Great DepressionUnited States
In the United States, the Great Depression began with the Wall Street Crash of October 1929. The stock market crash marked the beginning of a decade of high unemployment, poverty, low profits, deflation, plunging farm incomes, and lost opportunities for economic growth as well as for personal advancement. Altogether, there was a general loss of confidence in the economic future.
The usual explanations include numerous factors, especially high consumer debt, ill-regulated markets that permitted overoptimistic loans by banks and investors, and the lack of high-growth new industries. These all interacted to create a downward economic spiral of reduced spending, falling confidence and lowered production. Industries that suffered the most included construction, shipping, mining, logging and agriculture (compounded by dust-bowl conditions in the heartland). Also hard hit was the manufacturing of durable goods like automobiles and appliances, whose purchase consumers could postpone. The economy hit bottom in the winter of 1932–1933; then came four years of growth until the recession of 1937–1938 brought back high levels of unemployment.

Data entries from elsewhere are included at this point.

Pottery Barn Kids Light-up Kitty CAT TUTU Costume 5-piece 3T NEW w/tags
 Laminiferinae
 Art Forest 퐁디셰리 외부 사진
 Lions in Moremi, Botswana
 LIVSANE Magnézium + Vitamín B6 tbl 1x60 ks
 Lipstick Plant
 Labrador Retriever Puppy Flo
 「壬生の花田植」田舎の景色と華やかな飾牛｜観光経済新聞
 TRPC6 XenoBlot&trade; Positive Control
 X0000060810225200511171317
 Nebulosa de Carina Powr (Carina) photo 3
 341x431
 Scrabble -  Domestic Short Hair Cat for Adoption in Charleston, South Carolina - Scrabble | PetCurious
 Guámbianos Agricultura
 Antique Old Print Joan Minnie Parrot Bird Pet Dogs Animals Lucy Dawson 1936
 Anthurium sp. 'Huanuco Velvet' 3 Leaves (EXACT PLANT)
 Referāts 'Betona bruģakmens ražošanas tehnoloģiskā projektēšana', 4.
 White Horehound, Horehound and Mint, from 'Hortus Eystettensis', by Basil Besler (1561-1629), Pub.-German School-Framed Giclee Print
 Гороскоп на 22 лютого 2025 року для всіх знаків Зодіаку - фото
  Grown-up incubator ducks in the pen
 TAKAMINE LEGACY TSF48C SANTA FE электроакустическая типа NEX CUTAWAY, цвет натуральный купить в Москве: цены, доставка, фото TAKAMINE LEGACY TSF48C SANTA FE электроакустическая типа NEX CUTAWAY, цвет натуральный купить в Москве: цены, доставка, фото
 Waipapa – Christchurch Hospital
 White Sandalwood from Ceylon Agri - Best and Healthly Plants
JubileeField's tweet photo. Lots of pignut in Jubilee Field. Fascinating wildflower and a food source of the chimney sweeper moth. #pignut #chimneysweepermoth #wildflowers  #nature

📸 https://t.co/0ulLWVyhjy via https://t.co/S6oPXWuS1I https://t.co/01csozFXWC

The Depression also resulted in an increase of emigration for the first time in American history. Some immigrants went back to their native countries, and some native U.S. citizens went to Canada, Australia and South Africa. There were mass migrations of people from badly hit areas in the Great Plains (the Okies) and the South to places such as California and the cities of the North (the Great Migration). Racial tensions also increased during this time. By the 1940s, immigration had returned to normal, and emigration declined.